Marketers are always looking to new trends to give them an edge. While video certainly isn’t new to the scene, marketers are finding more and more ways to use it for a competitive edge. Whether its used for live streaming events, announcing product releases via social, or even training videos on the enterprise intranet, video is ubiquitous and it’s positive impact on your business only stands to grow.
As a digital campaign manager, I am always thinking: optimize, optimize, optimize. There are mornings that I wake up recalling how I dreamt about optimizing our content, our banner ads, and our nurture campaigns. Some of us eat, sleep, and drink our profession. Am I right?
The performance of a landing page can be tricky. This is yet another challenge I take on. Any optimization project always starts with a lot of questions. Sometimes that means just deciding how you’ll test a landing page’s success. Could it be time spent on page? Amount of clicks? Conversions? Video views? Number of return visitors? There are many different elements that one could use to track success metrics but, at the end of the day, most of us (myself included) base our success on conversions, i.e. form fills.
Let’s talk about some of the ways that we have tested our landing page elements and the outcomes.
Adding a Video Teaser on Landing Pages
We recently did a test by adding a video teaser on our landing page before form submission. We thought that this could be risky because people would watch the video and forget to submit the form. But this wasn’t the case. Below you will see the two landing pages that we tested in our SEM channel. Both landing pages had about the same larger volume of impressions, but the video landing page was the clear winner.
This landing page had a higher click through rate by only about .1% but the conversion rate was remarkable. As shown below, the video focused landing page had about a 4% conversion rate as opposed to a 1% conversion rate with the landing page to the right.
Through testing, we have found that video on landing pages is effective and lifts conversion rates.
Reducing the Length of Page Copy
This might seem like an obvious one, but how much copy you have on your landing page can really affect the success of your conversion rates. If you’re marketing to marketers like I am, you recognize that our audience is a multi-tasking, easily distracted group! But really, everyone is short on time! We don’t have the time to read a page full of marketing-heavy copy BEFORE the form and BEFORE the actual asset. In the above examples where we also tested video, we also decreased the copy of the landing page. Since we couldn't be sure that this wasn't affected by our use of video, we tested some more. (Optimize, optimize, optimize!) We've decreased text on multiple campaigns like email and banner ads. We've found this to be extremely effective thus far.

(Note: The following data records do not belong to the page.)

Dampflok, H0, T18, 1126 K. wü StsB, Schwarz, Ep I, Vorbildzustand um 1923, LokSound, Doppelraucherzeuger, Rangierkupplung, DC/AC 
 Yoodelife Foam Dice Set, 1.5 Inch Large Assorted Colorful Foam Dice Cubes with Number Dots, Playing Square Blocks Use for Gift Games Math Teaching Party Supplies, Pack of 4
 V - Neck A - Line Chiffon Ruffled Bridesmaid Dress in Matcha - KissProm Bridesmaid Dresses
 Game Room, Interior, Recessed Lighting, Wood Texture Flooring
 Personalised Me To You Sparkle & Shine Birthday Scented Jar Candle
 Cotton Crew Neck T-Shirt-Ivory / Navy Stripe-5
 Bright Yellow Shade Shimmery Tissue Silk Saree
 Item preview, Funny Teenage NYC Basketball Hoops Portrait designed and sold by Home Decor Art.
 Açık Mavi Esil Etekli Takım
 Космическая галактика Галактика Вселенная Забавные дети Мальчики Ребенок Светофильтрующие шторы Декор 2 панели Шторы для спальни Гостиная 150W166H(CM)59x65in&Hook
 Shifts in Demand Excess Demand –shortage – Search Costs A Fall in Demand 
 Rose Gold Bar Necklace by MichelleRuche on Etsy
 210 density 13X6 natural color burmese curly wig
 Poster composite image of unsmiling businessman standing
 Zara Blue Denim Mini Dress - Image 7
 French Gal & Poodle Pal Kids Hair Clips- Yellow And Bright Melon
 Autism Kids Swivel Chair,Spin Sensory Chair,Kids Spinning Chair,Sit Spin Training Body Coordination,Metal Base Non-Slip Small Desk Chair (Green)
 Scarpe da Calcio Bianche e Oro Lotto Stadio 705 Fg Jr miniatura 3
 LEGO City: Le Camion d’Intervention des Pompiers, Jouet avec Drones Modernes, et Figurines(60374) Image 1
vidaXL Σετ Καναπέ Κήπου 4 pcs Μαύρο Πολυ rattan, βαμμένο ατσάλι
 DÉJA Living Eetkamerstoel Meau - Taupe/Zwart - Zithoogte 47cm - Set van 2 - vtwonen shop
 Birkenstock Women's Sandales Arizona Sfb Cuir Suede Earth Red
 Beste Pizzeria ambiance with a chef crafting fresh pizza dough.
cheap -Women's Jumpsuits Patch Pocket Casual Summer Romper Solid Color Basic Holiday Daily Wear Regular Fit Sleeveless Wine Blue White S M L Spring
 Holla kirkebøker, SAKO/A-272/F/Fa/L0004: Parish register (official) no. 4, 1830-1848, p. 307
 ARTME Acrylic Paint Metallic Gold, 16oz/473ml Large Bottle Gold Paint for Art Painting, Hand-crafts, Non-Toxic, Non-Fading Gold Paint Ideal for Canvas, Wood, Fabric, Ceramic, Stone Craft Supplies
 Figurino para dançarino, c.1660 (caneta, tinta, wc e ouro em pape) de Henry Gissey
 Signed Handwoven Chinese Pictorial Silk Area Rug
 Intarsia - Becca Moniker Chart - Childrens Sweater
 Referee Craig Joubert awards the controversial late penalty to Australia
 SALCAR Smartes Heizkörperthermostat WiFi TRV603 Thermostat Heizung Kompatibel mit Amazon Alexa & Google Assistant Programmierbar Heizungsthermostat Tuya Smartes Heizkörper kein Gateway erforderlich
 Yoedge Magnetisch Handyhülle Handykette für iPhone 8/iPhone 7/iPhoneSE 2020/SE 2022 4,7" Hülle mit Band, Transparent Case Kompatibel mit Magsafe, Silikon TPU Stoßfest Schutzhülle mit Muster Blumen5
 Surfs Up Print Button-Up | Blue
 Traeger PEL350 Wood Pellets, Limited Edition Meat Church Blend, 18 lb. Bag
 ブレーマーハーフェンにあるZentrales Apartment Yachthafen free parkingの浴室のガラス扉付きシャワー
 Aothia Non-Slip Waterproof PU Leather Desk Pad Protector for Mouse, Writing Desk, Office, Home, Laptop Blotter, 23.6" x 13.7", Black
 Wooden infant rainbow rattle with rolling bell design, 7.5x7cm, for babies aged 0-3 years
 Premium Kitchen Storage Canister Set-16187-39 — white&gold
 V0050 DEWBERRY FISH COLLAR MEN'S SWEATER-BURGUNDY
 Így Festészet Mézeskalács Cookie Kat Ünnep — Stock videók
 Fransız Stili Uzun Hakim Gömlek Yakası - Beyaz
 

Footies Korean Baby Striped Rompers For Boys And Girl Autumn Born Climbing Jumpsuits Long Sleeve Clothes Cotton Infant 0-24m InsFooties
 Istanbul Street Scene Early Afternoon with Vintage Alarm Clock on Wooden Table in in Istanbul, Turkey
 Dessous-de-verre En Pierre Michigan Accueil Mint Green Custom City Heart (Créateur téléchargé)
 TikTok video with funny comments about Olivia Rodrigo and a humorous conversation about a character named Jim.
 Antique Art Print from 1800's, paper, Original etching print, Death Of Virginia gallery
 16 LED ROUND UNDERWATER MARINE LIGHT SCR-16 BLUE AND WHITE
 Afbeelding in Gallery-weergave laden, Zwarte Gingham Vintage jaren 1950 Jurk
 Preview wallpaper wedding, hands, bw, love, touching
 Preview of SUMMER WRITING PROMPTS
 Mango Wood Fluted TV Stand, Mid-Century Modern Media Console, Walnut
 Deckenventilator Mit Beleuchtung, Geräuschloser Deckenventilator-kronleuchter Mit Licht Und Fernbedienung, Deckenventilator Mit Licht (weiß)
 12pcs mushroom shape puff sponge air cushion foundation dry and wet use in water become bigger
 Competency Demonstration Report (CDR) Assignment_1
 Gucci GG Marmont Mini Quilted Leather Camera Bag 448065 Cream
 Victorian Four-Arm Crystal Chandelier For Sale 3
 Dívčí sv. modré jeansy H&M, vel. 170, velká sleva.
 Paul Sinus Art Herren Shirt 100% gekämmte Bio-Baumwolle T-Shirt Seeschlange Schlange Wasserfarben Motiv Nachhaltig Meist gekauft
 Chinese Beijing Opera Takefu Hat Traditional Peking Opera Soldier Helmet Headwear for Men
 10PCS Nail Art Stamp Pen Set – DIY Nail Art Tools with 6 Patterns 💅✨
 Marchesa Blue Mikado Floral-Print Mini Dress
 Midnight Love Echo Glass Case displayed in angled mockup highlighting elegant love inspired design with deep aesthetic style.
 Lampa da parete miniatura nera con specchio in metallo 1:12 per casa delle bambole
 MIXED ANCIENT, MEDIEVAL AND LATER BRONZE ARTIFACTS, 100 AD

Altering CTA Buttons Language
Our marketing team, and probably yours too, is always looking for ways to spin campaign copy from dull and data driven to witty and clever. Themes and trends are often incorporated into strategy but we found we needed to stick to CTA best practices, keeping the copy short and to the point. We tested several different types, here are a couple of examples:
Download the Guide vs. Snag the Secrets Download the Guide saw a conversion rate of 2.5% where the wittier CTA saw a conversion rate of 2.2%.
Read the Report vs. Download the Whitepaper. Read the report saw a conversion rate of 3% where download the whitepaper had a 6% conversion.
Shifting Placement of Video Lead Forms: In-video vs Right-Hand
We recently tested a standard form vs landing page with an in-video form. After all, it’s video, it’s what we do! The Brightcove player gives the ability to place a lead form in the beginning, middle, and end of a video. We tested a teaser video on a landing page with a form on the right side of the page, like below and we also tested the teaser video with the form at the end of the video.
Within one month of this test, we had a clear winner. An in-video form is not as successful for short videos that are less than two minutes in duration. Interestingly enough, we have learned through multiple tests with in-video forms that people WILL fill out a form if the video is at least 20 minutes. Full demo videos, conference sessions, documentaries warrant an in-video form. When people are paying to see or attend a session or are receiving educational content then they will take that extra step to fill out a form. But for a one minute video teaser, this is not the best practice, so keep the form to a side bar.
So, what are the key take aways in optimizing your landing page?
- Use video teasers to draw interest and communicate more information in limited space
- Less is more -- Reduce the total page copy
- Place forms on the right-hand side for optimal results
- Keep things simple. Make your forms short and your CTAs in direct, conventional language.